Member of House of Representatives (Fiji) Ba West Indian Communal Constituency
- In office 1995–2006
- Succeeded by: Narendra Kumar Padarath

Member of Senate (Fiji) Leader of Opposition's nominee
- In office 2006–2006

Assistant Minister for Home Affairs (Fiji)
- In office 1999–2000

Personal details
- Party: Fiji Labour Party
- Profession: Police Officer

= Gaffar Ahmed =

Fiji Labour Party Fijian politician

Gaffar Ahmed is a former Fiji Labour Party (FLP) Fijian politician of Indian descent. Ahmed was born in Ba and is a former police officer. He represented the Ba West Indian Communal Constituency, one of 19 reserved for Indo-Fijians, from 1995 to 2006.

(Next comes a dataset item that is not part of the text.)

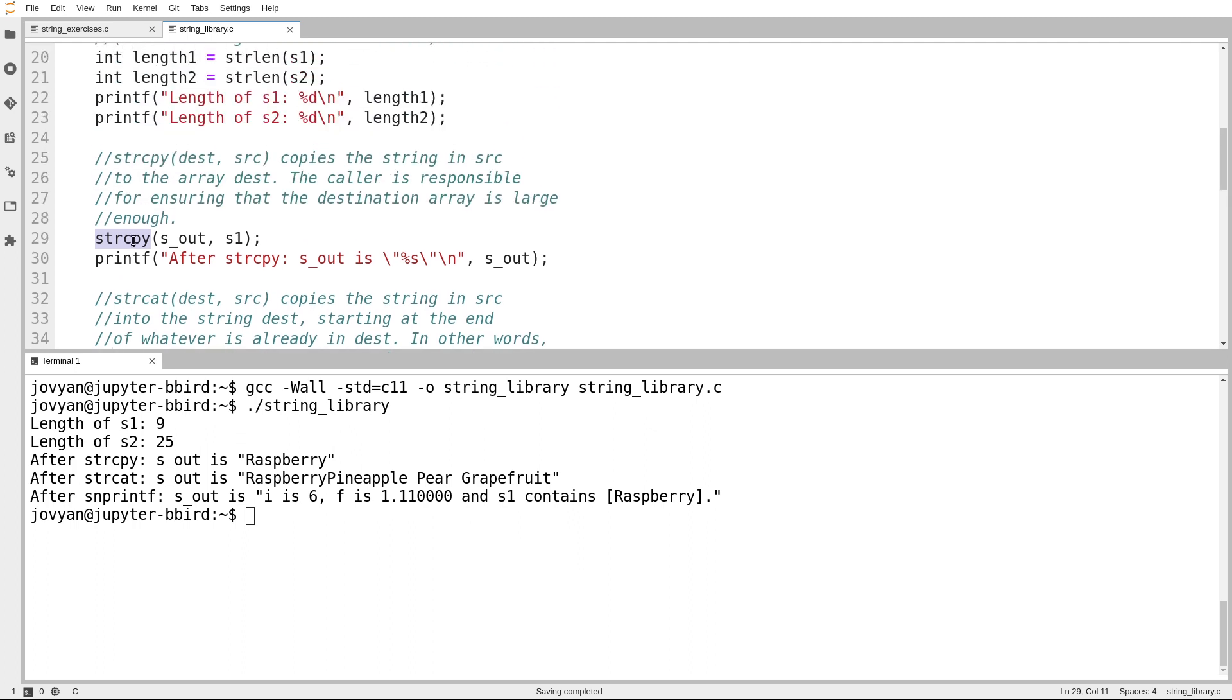There are a few other things in string.h. I'll put them in the notes, but for the most part, we don't generally need them very much. Although if you take a later course that works with C, you will discover that you do a lot of text processing in C because a lot of programming does require processing text.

Ahmed was Assistant Minister for Home Affairs in the Peoples Coalition Government from 1999 to 2000.

On 19 May 2000, he was among the 43 members of the People's Coalition Government, led by Mahendra Chaudhry, taken hostage by George Speight and his band of rebel Republic of Fiji Military Forces (RFMF) soldiers from the Counter Revolutionary Warfare Unit. He was released on 21 May 2000, after he signed a paper resigning his seat in Parliament.

In 2003, Ahmed was offered the portfolio of Minister for Prisons, together with 13 other FLP parliamentarians who were offered cabinet positions by the Prime Minister, Laisenia Qarase but the FLP refused to accept this offer.

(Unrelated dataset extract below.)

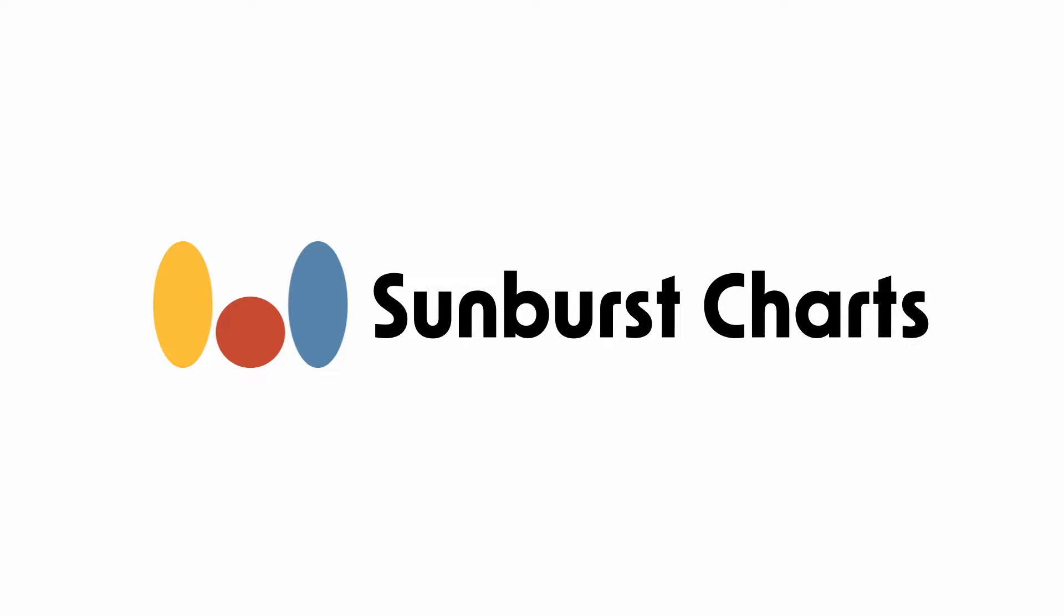In this video, I'll be covering sunburst charts and how you can plot them in Python using Plotly Express.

Earlier, he had expressed his intention to contest the Magodro Open Constituency in the House of Representatives, but announced his withdrawal on 11 April 2006, citing financial difficulties but was appointed to the Senate as one of eight nominees of the Leader of the Opposition.

Ahmed is a life member of Fiji Football Referees Association and held a FIFA referees badge from 1991 to 1995.